▸ **DATASET RECORDS**:
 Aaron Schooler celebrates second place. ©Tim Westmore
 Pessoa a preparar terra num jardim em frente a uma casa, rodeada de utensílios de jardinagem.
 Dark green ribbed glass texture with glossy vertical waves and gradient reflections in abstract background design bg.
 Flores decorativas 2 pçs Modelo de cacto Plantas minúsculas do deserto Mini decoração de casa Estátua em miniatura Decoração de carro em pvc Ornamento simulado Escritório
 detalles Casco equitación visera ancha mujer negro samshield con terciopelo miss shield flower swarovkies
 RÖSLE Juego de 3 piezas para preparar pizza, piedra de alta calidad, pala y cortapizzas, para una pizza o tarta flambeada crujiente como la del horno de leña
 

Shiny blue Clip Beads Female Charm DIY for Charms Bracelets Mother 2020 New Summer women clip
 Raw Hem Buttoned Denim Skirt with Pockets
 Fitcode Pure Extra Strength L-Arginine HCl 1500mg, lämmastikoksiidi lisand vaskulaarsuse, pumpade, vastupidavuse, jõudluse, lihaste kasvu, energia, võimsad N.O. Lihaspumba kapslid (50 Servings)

▸ **WORK INSTRUCTION**:
All of the material above should be restated verbatim.

▸ **TASK OUTPUT**:
 Aaron Schooler celebrates second place. ©Tim Westmore
 Pessoa a preparar terra num jardim em frente a uma casa, rodeada de utensílios de jardinagem.
 Dark green ribbed glass texture with glossy vertical waves and gradient reflections in abstract background design bg.
 Flores decorativas 2 pçs Modelo de cacto Plantas minúsculas do deserto Mini decoração de casa Estátua em miniatura Decoração de carro em pvc Ornamento simulado Escritório
 detalles Casco equitación visera ancha mujer negro samshield con terciopelo miss shield flower swarovkies
 RÖSLE Juego de 3 piezas para preparar pizza, piedra de alta calidad, pala y cortapizzas, para una pizza o tarta flambeada crujiente como la del horno de leña
 

Shiny blue Clip Beads Female Charm DIY for Charms Bracelets Mother 2020 New Summer women clip
 Raw Hem Buttoned Denim Skirt with Pockets
 Fitcode Pure Extra Strength L-Arginine HCl 1500mg, lämmastikoksiidi lisand vaskulaarsuse, pumpade, vastupidavuse, jõudluse, lihaste kasvu, energia, võimsad N.O. Lihaspumba kapslid (50 Servings)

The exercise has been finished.